For Gold Price, 'Flat Is The New Down'
New York (July 8) Summary•If any news would be bearish for gold, the strong US jobs report would be it.
•But after an initial drop, gold rebounded all the way back to $1,360/oz and even above it within the hour before market open.
•If this jobs report can't bring down the gold price, I don't know what can.
•For gold, "flat is the new down": Bad economic news makes the price go up, and good economic news *doesn't* make the price go down.
•Many traders have concluded that $1,335/oz is the best price they think they will ever get to buy gold.
On Friday morning the monthly US jobs report posted a very strong 287,000 jobs created in June. If any news would be bearish for the gold price [SPDR Gold Trust (NYSEARCA:GLD), Sprott Physical Gold Trust (NYSEARCA:PHYS)], this would be it: It should indicate a healthier US economy, a stronger US dollar, and a greater chance of the Fed raising interest rates.
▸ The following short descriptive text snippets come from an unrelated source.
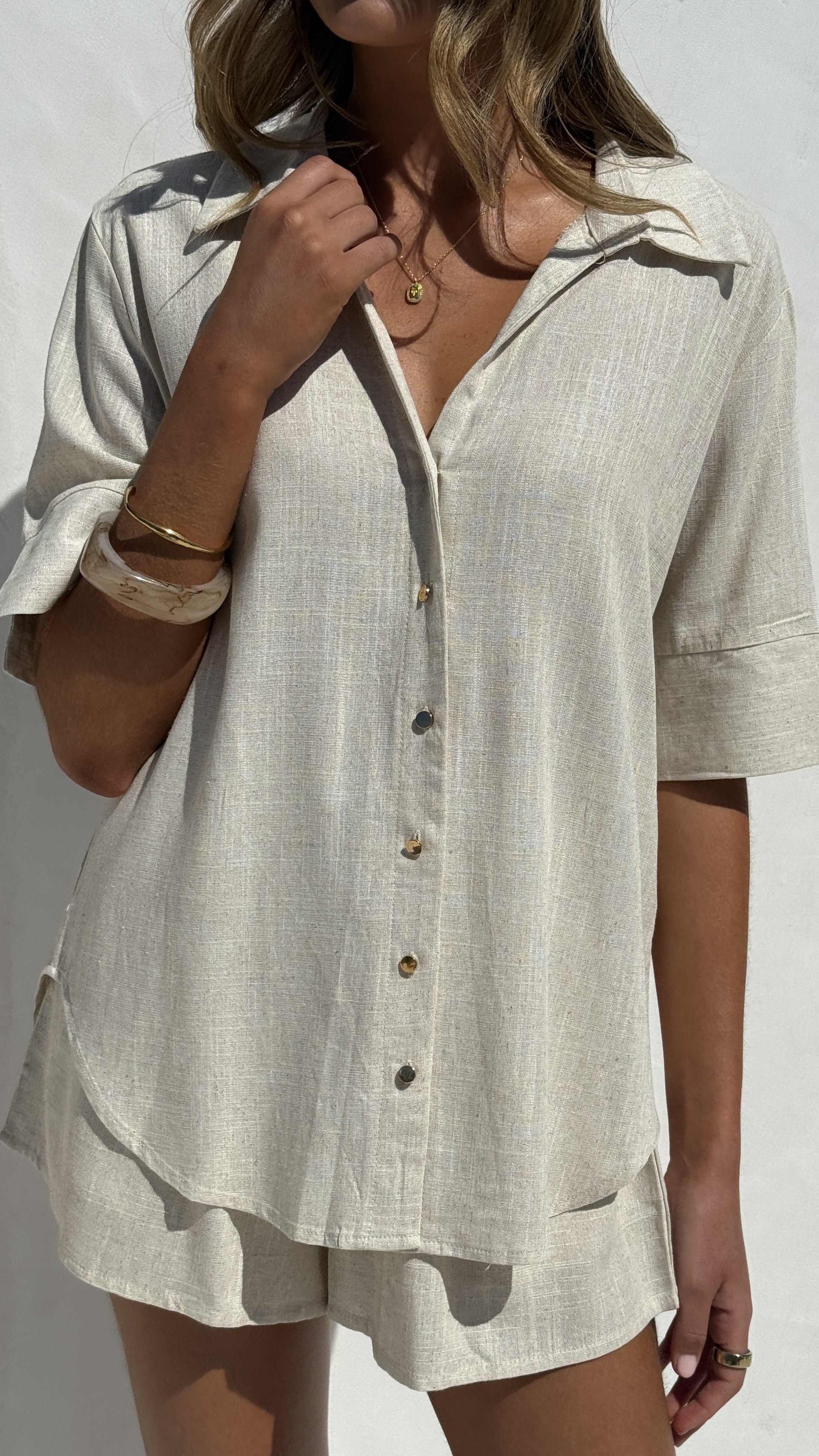 Ranae Button Up Shirt and Shorts Set - Oatmeal - Billy J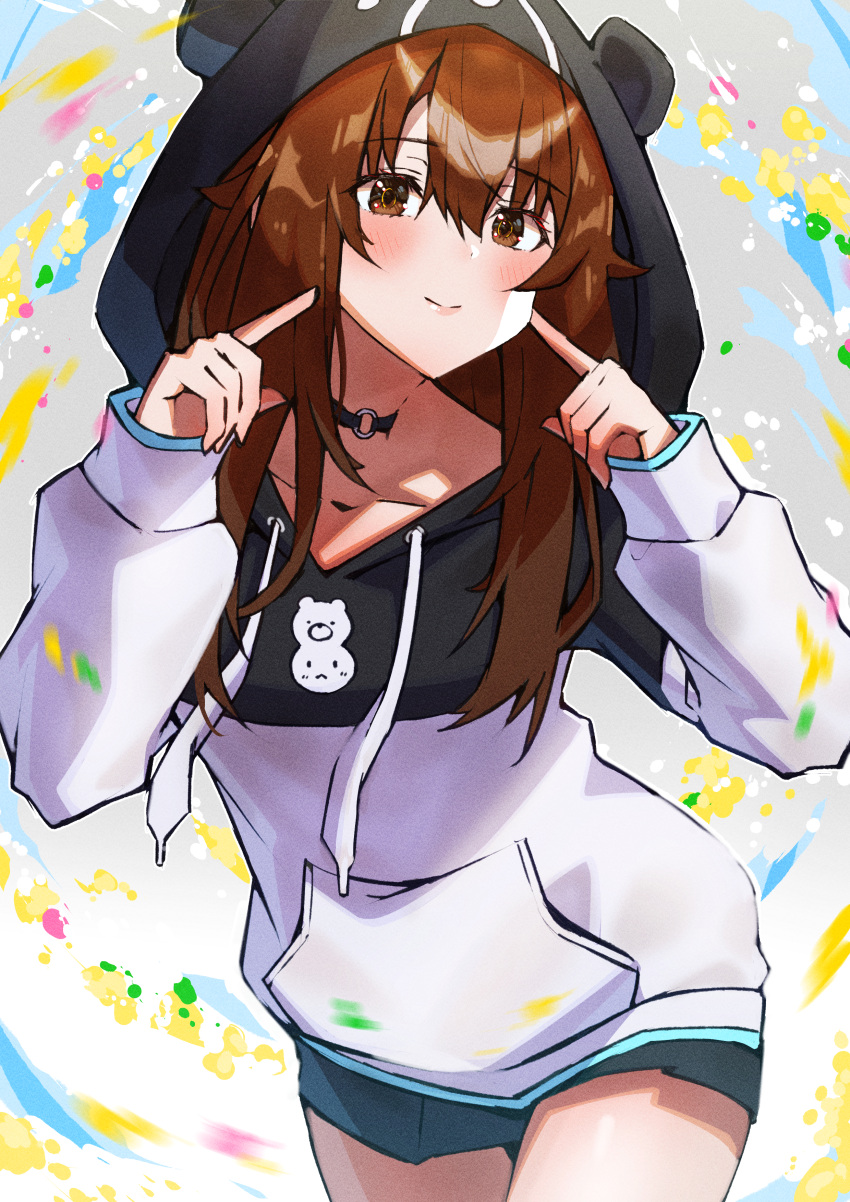 1girl, absurdres, animal_hood, baseball_cap, bear_hood, black_choker, black_hoodie, black_shorts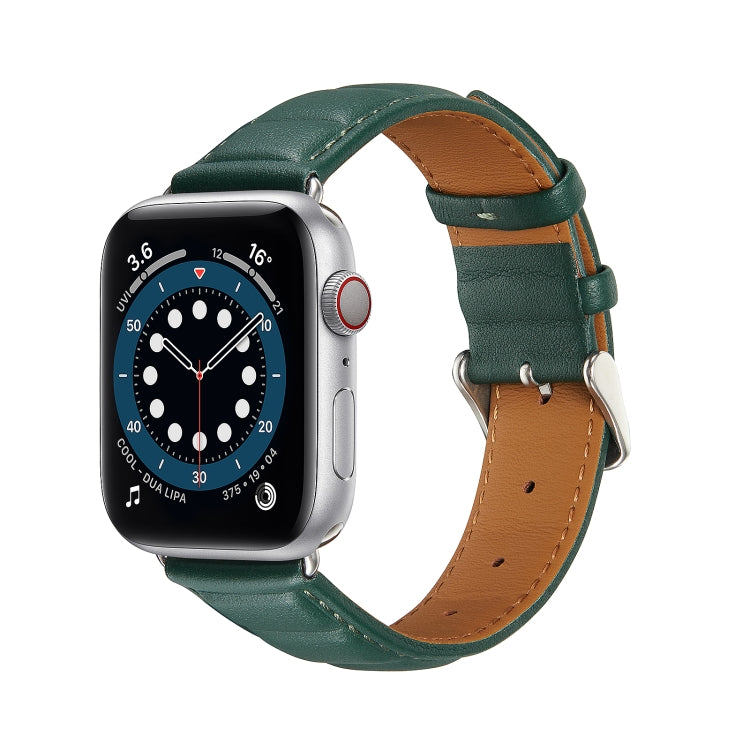 Green genuine leather Apple Watch band with metal buckle and adjustable holes on watch
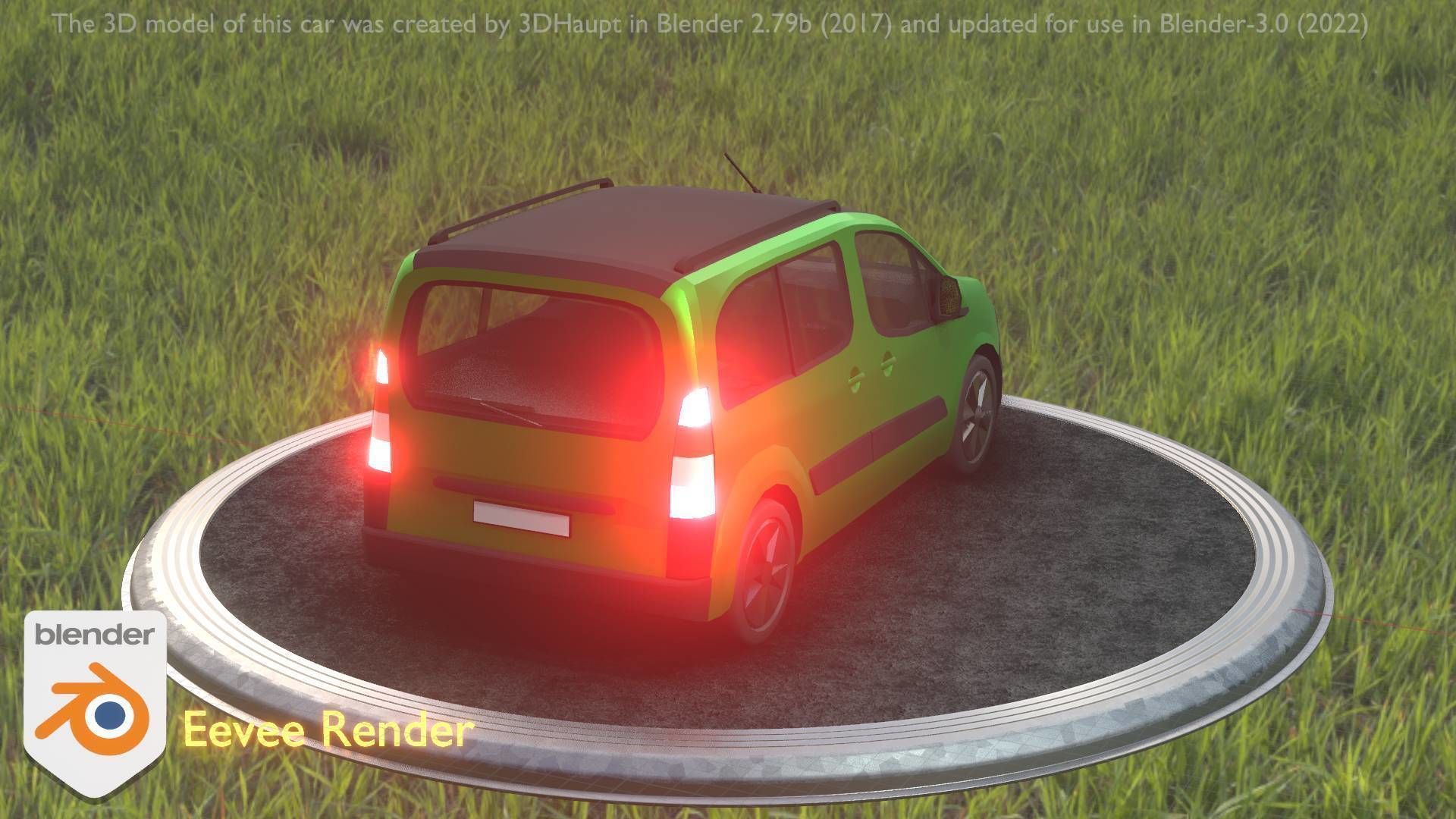 City Car 51 Utility Vehicles Van Type-D Green Low-poly 3D model_88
But after falling from $1,360/oz to $1,335/oz upon the immediate release of the news, the gold price quickly rebounded all the way back to $1,360/oz and even above it, within the hour before markets opened in New York. The price has settled back in the $1,350s in morning trading:
If this jobs report can't bring down the gold price, I don't know what can. After all, surprise events tend to make the gold price go up, not down. A strong jobs report is a rare example of a news item that can spark a sharp drop in the gold price in a hurry. But this morning, that sharp drop lasted all of 5 minutes or so.
So I see this morning's gold price action as a very bullish sign for gold going forward. For gold, "flat is the new down". Bad economic news makes the price go up, and good economic news *doesn't* make the price go down. Or as Jim Rickards likes to say, "Heads you win, tails you don't lose."